Each word in the data below should be copied exactly; the images should not.

Top of DATASET SECTION

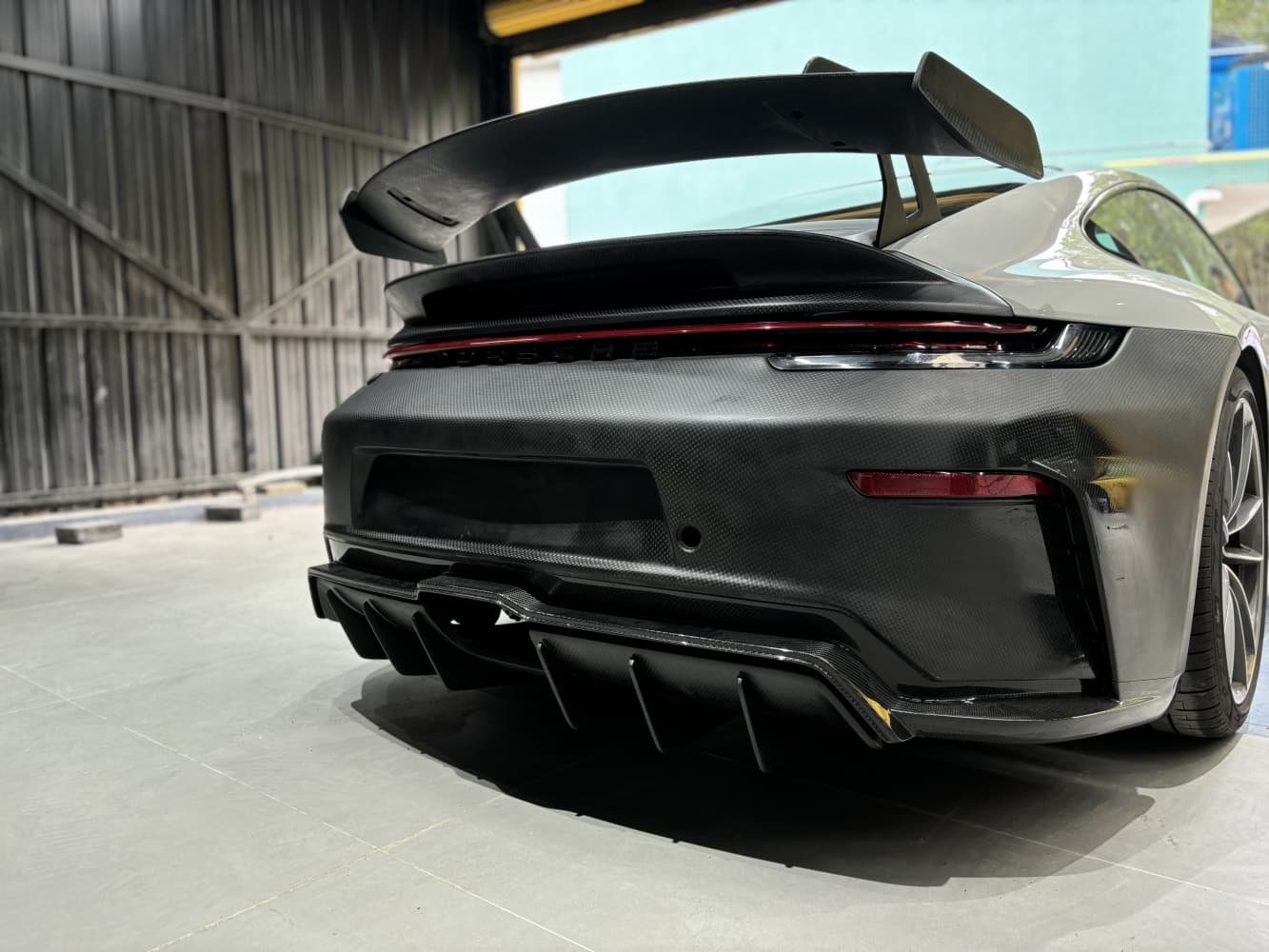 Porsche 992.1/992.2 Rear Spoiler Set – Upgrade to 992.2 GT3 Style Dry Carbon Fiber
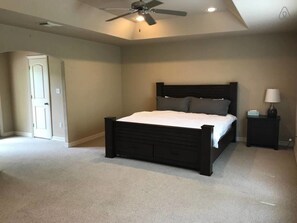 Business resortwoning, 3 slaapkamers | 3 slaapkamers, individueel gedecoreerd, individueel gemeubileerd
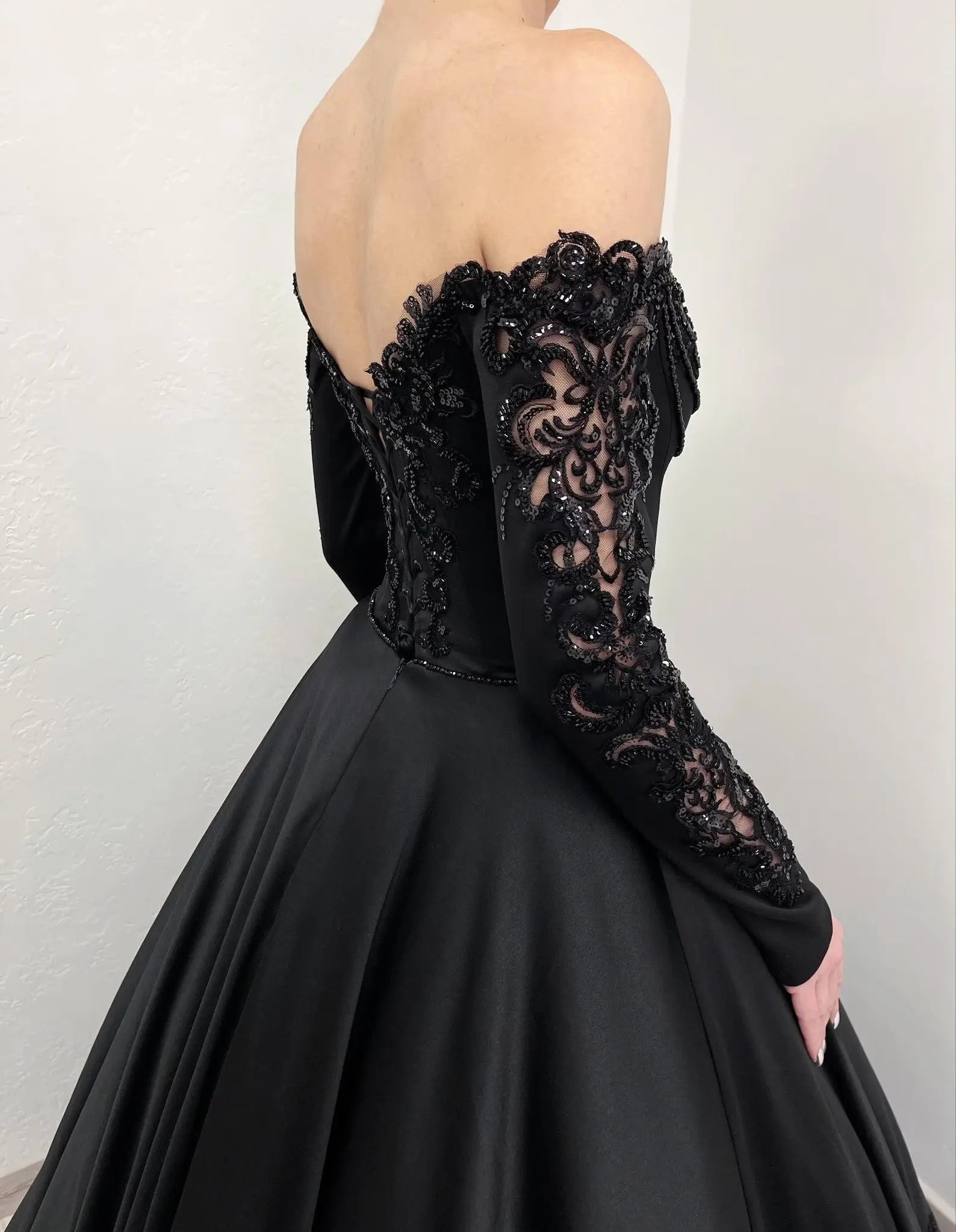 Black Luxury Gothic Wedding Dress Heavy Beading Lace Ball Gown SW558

Bottom of DATASET SECTION

- TASK SOLUTION -
 Porsche 992.1/992.2 Rear Spoiler Set – Upgrade to 992.2 GT3 Style Dry Carbon Fiber
 Business resortwoning, 3 slaapkamers | 3 slaapkamers, individueel gedecoreerd, individueel gemeubileerd
 Black Luxury Gothic Wedding Dress Heavy Beading Lace Ball Gown SW558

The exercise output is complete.